Dicha manda legislativa, se encuentra complementada –como hemos visto- con lo previsto en la disposición transitoria cuarta de la Ley Nº 2855, en la cual se dispone expresa e irrefutablemente que la primera elección de los representantes de los trabajadores en el Directorio… debe ser convocada en un plazo no mayor a treinta (30) días de la promulgación de la presente ley.
Así pues, resulta evidente que el legislador previó y ha sido claro al intentar garantizar primariamente que se proceda a la elección y designación del representante de los trabajadores (en un plazo no mayor a los 30 días), para luego, dada la representatividad de los trabajadores garantizada en el marco del órgano colegiado decidor, proceder a la aprobación de la estructura orgánico funcional del EATC (dentro de los 3 meses).

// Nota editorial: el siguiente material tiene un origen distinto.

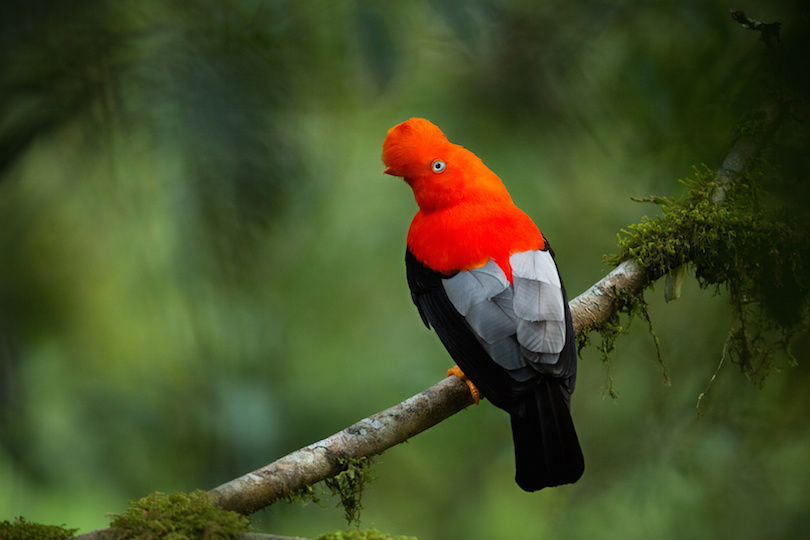 Andean cock-of-the-rock in the beautiful nature habitat, symbol of Peru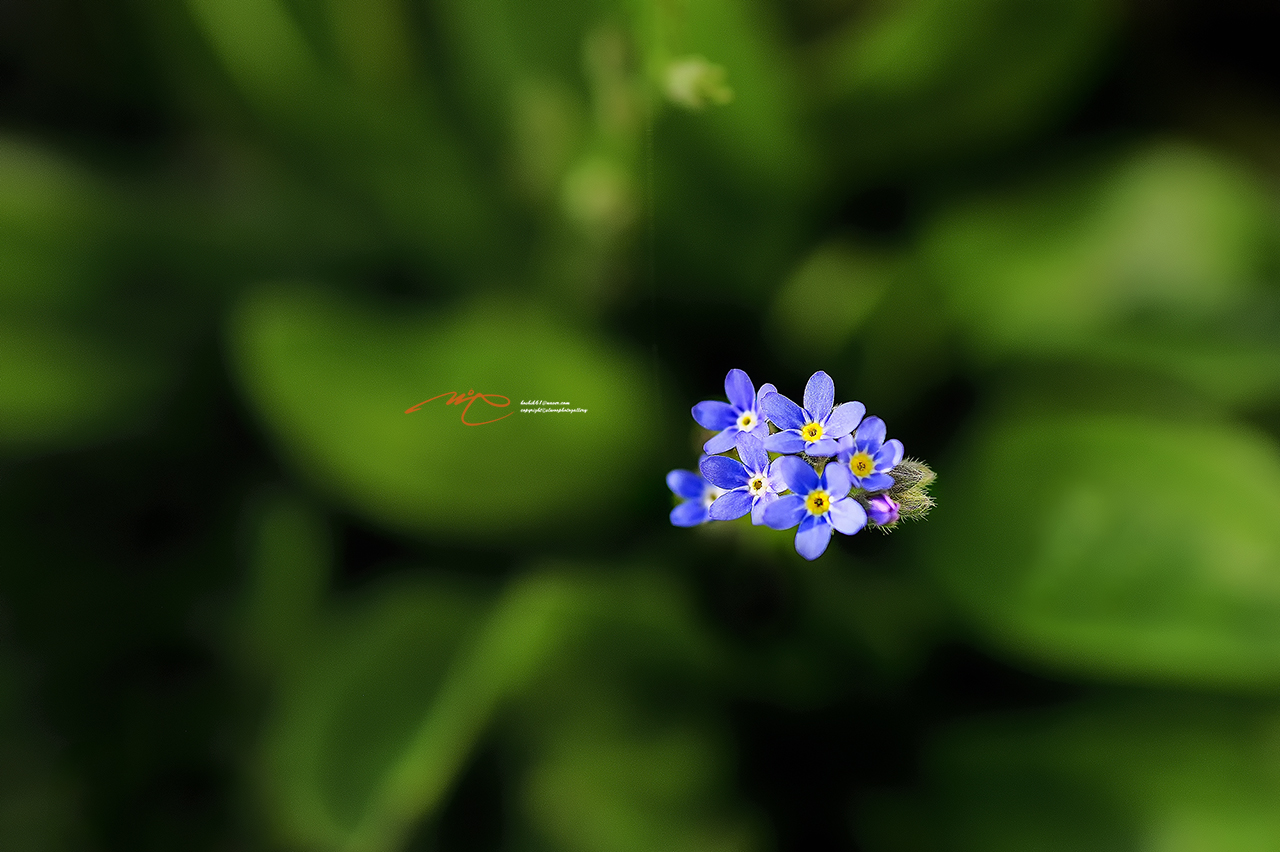 _SMJ0084_00001-3.jpg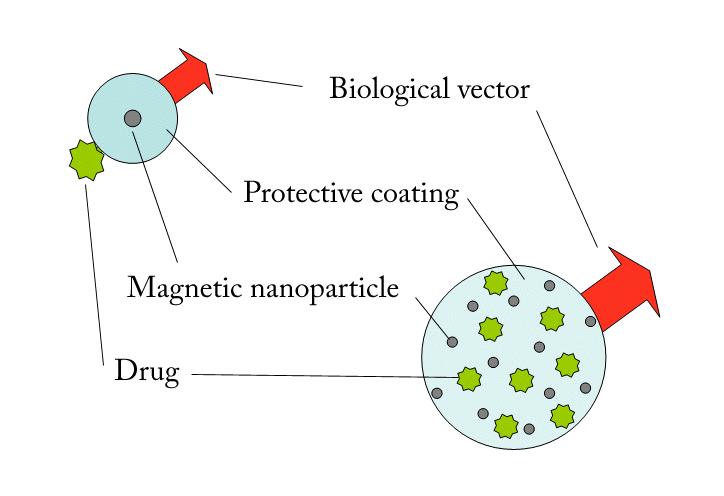1.3. Core-Shell structures of MNPs used in medicine 17 This requirement restricts severely the type of compounds used for the magnetic nucleus and the shell. Figure 1.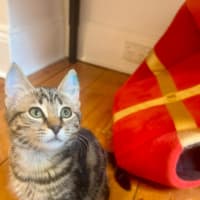 Photo of Winnie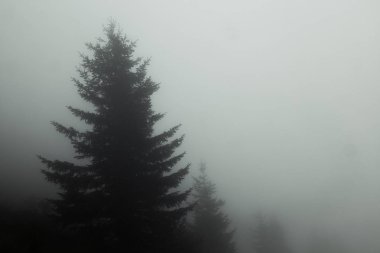Sabah erken Ladin siste görmek için hemen hemen hiçbir şey olduğunu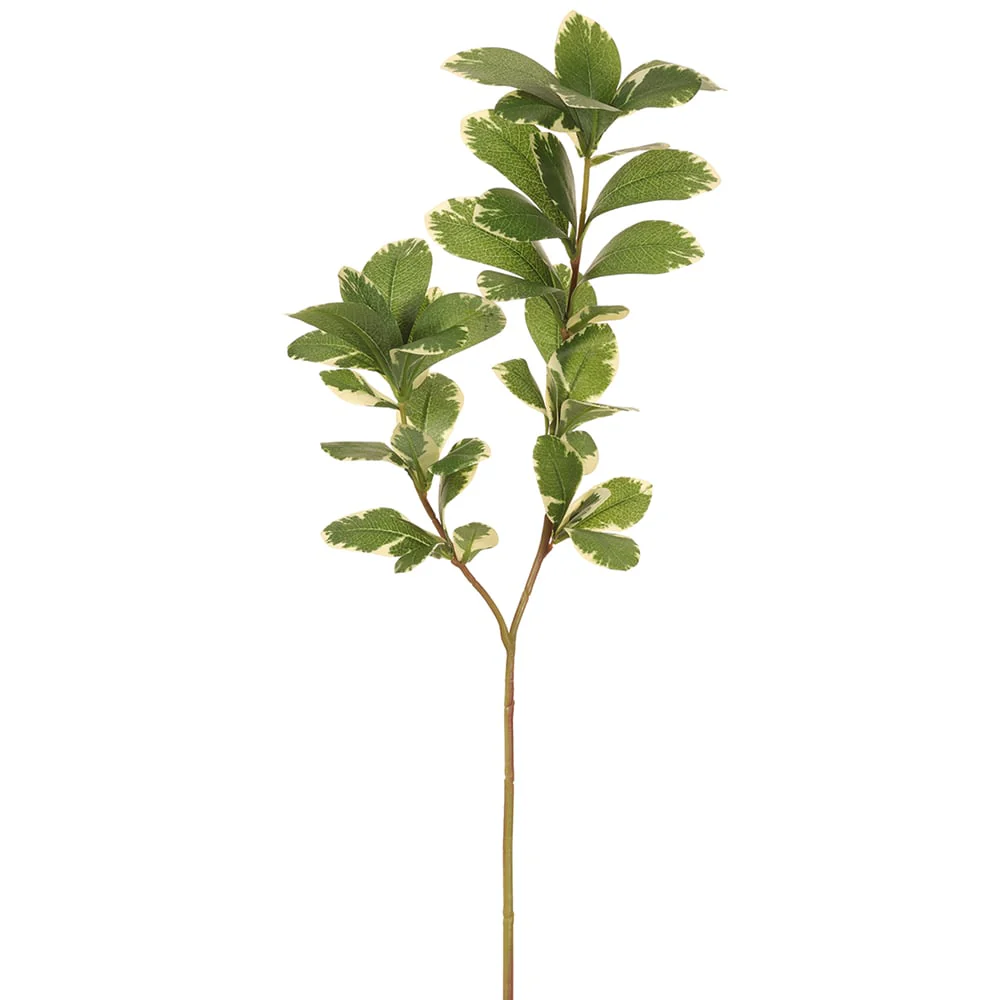 26" Silk Pittosporum Leaf Stem -Green/Variegated (Pack of 12)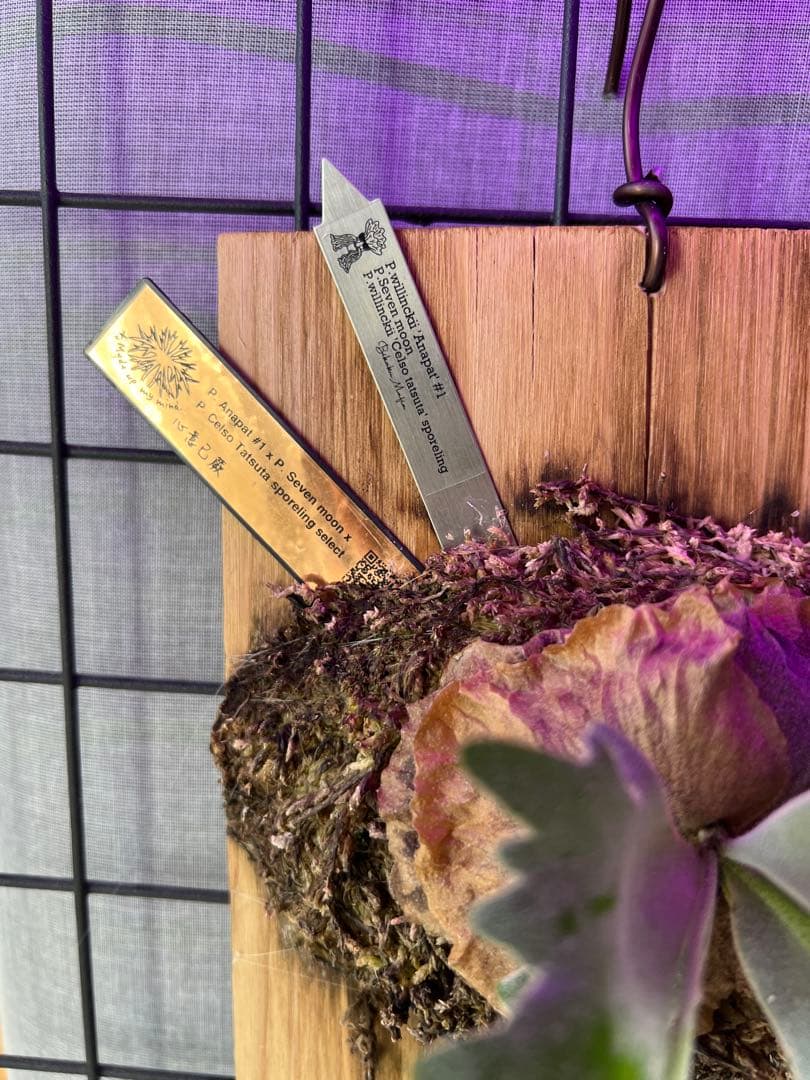 ビカクシダ willinckii セレクト株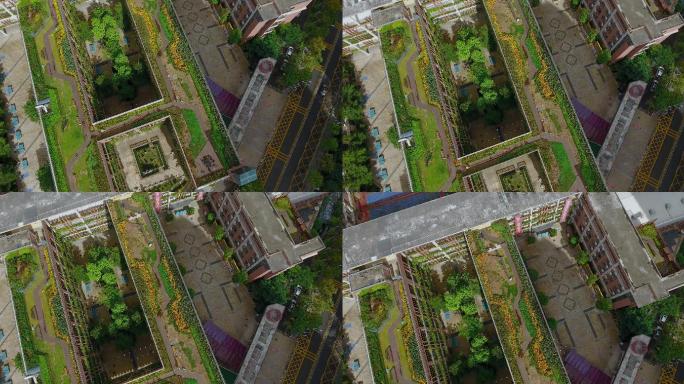 4k航拍，深圳教育玉龙学校的屋顶花园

En otras palabras: El limite temporal impuesto por el Poder legislativo, -marco en el cual debió haberse procedido a la designación del representante de los trabadores, lo cual fue omitido-, tiende a salvaguardar la participación (voz y voto) de los trabajadores en la toma de decisiones del EATC y en especial, en los temas que inciden en forma directa y esencial, sobre su realidad laboral, económica y personal.
Y no escapa que dicho plazo tuvo como objeto primordial garantizar la participación de los trabajadores, en la discusión y aprobación de la mentada estructura y con ello su futuro laboral –hoy realidad-.
Aquí cabe preguntarse: ¿Cual ha sido la razón del Poder Legislativo, de someter a la decisión de un “órgano colegiado”, dos temas –entre otros- de tanta trascendencia laboral –visión general- y humana –visión individual-, como lo son la estructura y el régimen especial de escalafón?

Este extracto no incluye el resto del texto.